フルハイブリッドのパイオニアかつ代表的存在であるトヨタのTHSは、効率面ではたしかに優秀だが、電気CVTとの組み合わせによるエンジン回転の曖昧な変化を頻繁に伴いがちだ。とくに排気量の小さなエンジンと組み合わせた車種においては、それが不可避なのだが、そこはドッグクラッチと多段ミッションを備えたアルカナE-TECHは、ズルズルと曖昧にエンジン回転が上下に変化する感覚は持たない。これが快活な走り感をもたらす。
もっとも、パドルシフト等による能動的な変速システムは持たないうえに、いったいエンジン側が今は何速で、モーター側も2段のギアのうちどちらを使った状態にあるのかを知る術もない。つまり、積極的に細かく変速を操ることはできないのだが、雪上でもアクセルワークと負荷に応じた駆動力が適切に得られることから、コントロールできる安心感があるのがありがたく思えるのだった。
巧みなトラクションコントロールで意思どおり前に進める
乳頭温泉郷に近づき、今夜の宿泊先ではないのだが、乳頭温泉を代表する宿でもある鶴の湯にいったん向かう。両脇の雪の壁が3mを超えるほどの狭いつづら折れの雪深い道を進んで行くことになるのだが、そこではちょっとした上り勾配でトラクションコントロールが頻繁に介入してくるほどに、駆動輪の前輪の空転が増すことになる。ここは、とくに前輪駆動の辛いところではある。
私としては願ったり叶ったりの状況ではあるが、こうした場面で知れるのは、トラクションコントロール制御の巧みさだ。タイヤのスリップによる過剰な空転を防ぎ、駆動力を確保することが目的で出力を絞るのだが、前輪駆動にせよ後輪駆動にせよ2輪駆動車にありがちなのが、出力を絞り過ぎてタイヤの空転こそ防げても、必要な、あるいは求める速度が維持できなくなる車両も多い。

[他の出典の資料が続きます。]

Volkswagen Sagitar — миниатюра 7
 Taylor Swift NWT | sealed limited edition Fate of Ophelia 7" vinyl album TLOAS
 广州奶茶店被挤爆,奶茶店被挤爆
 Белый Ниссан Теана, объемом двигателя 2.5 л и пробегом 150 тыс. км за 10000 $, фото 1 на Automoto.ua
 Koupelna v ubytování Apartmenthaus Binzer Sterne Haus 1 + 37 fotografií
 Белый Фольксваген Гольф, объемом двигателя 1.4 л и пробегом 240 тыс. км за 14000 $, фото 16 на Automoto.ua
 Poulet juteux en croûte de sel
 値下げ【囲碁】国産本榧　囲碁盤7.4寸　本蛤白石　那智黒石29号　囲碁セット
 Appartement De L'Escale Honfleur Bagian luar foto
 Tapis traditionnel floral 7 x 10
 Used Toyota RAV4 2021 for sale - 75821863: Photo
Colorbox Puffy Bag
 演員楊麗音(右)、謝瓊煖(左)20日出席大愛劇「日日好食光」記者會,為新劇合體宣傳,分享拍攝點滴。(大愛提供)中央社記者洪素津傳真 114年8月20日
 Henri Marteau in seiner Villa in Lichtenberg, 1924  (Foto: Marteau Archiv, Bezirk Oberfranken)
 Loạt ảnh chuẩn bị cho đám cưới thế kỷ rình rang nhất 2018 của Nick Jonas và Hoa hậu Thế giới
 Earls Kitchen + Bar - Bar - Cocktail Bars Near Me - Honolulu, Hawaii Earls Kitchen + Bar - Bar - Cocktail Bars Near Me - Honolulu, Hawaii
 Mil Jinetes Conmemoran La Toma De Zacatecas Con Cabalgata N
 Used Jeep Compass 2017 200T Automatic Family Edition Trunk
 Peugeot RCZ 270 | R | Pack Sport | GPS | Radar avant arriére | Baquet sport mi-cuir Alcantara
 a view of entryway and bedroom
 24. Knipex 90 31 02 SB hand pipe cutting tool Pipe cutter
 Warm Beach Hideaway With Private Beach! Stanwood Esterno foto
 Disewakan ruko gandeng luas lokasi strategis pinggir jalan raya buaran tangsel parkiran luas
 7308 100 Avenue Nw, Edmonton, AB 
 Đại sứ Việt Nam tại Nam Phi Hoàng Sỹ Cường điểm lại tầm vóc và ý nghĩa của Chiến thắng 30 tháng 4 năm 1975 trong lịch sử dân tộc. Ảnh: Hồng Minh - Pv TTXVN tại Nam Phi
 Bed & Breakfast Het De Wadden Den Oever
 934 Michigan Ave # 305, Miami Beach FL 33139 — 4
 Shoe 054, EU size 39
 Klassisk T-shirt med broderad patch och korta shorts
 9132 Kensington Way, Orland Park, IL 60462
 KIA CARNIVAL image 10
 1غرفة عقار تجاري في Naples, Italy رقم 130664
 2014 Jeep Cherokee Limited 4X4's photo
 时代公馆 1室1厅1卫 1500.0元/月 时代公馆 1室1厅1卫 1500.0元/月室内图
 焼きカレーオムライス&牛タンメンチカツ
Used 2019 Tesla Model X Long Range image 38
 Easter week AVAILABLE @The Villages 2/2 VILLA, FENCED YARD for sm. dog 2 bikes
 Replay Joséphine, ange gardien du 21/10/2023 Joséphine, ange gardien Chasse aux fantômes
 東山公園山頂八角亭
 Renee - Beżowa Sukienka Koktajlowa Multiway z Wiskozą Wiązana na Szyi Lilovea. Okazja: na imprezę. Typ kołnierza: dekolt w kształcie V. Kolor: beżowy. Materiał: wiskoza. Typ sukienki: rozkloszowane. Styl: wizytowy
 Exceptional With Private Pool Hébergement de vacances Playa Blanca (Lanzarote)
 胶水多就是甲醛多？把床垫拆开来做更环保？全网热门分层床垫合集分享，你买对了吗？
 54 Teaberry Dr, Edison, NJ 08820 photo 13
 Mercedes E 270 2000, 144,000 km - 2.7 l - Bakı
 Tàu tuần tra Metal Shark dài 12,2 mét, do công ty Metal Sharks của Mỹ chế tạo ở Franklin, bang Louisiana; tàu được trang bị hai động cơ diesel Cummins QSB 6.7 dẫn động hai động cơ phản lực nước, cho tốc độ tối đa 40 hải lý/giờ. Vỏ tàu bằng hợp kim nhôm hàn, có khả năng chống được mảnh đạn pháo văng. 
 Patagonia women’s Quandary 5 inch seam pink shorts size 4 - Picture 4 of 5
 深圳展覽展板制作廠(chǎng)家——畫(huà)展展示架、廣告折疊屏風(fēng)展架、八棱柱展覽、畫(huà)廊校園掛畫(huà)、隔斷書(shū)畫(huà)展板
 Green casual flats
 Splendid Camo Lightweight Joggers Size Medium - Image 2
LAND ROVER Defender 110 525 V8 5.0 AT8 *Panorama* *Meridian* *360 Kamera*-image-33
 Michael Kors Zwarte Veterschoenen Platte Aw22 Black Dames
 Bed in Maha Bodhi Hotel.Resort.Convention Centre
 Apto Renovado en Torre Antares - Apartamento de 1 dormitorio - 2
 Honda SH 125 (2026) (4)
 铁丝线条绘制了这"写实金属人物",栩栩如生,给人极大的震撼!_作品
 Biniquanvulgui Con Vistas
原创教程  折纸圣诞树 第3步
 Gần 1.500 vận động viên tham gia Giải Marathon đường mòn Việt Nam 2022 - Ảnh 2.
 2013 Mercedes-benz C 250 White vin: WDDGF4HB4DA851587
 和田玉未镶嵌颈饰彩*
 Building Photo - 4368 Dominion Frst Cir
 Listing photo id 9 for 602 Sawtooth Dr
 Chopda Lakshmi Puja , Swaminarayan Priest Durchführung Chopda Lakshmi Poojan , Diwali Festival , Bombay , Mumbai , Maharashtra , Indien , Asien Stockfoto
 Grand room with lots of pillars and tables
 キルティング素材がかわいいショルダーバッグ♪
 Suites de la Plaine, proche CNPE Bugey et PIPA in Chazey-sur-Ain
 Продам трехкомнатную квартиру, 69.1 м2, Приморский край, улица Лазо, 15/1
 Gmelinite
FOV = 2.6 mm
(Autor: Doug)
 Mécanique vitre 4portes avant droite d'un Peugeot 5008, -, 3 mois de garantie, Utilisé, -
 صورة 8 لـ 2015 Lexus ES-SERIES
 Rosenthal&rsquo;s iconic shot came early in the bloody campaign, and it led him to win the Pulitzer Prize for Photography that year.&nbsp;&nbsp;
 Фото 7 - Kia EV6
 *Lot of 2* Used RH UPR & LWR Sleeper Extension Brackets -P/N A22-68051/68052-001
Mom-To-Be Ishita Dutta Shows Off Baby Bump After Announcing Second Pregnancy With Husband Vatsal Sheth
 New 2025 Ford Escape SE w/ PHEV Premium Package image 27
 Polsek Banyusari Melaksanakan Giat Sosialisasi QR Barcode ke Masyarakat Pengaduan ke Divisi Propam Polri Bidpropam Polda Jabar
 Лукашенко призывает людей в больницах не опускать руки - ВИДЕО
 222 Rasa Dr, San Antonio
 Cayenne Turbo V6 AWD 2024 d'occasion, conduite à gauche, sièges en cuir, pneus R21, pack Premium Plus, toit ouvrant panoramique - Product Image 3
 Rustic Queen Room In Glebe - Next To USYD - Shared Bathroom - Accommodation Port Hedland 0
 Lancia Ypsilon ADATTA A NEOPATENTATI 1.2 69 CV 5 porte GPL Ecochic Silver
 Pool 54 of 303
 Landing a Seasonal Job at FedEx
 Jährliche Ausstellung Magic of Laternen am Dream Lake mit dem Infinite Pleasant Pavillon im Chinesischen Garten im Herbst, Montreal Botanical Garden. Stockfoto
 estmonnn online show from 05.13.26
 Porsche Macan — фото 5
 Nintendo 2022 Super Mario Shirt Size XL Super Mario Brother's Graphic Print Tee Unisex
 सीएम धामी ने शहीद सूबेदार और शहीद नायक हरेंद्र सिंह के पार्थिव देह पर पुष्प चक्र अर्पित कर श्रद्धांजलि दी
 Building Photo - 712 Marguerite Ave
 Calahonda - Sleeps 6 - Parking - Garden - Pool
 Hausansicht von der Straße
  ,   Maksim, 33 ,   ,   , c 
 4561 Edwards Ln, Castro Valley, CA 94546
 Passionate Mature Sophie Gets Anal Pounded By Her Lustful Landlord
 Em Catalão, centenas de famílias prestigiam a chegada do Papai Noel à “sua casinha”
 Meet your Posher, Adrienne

このアルカナは、絶妙なスリップコントロールを行うことで、車速も維持しつつ駆動力も安定性もバランスを保つので、思ったように前に進んでくれないといったイライラを生じることなく、マイフェイバリット温泉のひとつである鶴の湯の風情ある姿を見に行けたのだった。
鶴の湯を後にして来た道を戻りながら、この大雪の中でもチェーン無しでとくに問題もなく走れることにひと安心しながら、この日に泊まる大鎌温泉に到着した。すると、宿の人が、今日は私がここに来るまでに3台ほどスタックして立ち往生していた、という話をしているではないか。
もちろん、私は発進が厳しくなりそうな路面状況では停止させないといった気は使っていたが、好ましいパワートレインの特性と優秀な駆動制御あっての、苦もない移動だったということのようだ。